Is it possible to make the fabfile stand-alone?
I'm not very fond of running the external tool 'fab'. If I manage to get the fabfile standalone I can run the file from within the (Eclipse / Pydev) IDE, easily debug it, use project configurations and paths etc.
Why doesn't this work:

from fabric.api import run

def host_type():
    run('uname -s')

if __name__ == '__main__':
    host_type()    

Answer 1

I eventually found the solution (and it is really simple!).
In my fabfile, I added:

from fabric.main import main

if __name__ == '__main__':
    import sys
    sys.argv = ['fab', '-f', __file__, 'update_server']
    main()

I hope this helps people...

Answer 2

If I recall correctly, I couldn't get the Fabric API to do what I wanted either.
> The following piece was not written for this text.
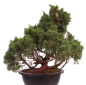 Preview: Bonsai - Juniperus chinensis 'Kyushu', Chinesischer Wacholder 224/89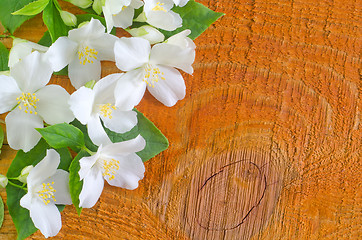 Image showing jasmine spring flowers frame on white background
I decided to abandon the extra layer entirely and use Paramiko (the underlying SSH library used by Fabric) directly:

import os
import paramiko

ssh = paramiko.SSHClient()
ssh.load_system_host_keys()
ssh.load_host_keys(os.path.expanduser('~/.ssh/known_hosts'))
ssh.set_missing_host_key_policy(paramiko.AutoAddPolicy())
ssh.connect('hostname.example.com', 22, 'username', 'password')
ssh.save_host_keys(os.path.expanduser('~/.ssh/known_hosts'))
stdin, stdout, stderr = ssh.exec_command('uname -s')
print stdout.read()

While there are a few more steps involved, doing it this way allows you to leverage the SSH layer directly, as opposed to using subprocess to spwan another Python instance, or figuring out the Fabric API. I have several projects, both web- and console- using Paramiko in this manner and I haven't had too much trouble.

Paramiko is extensively documented.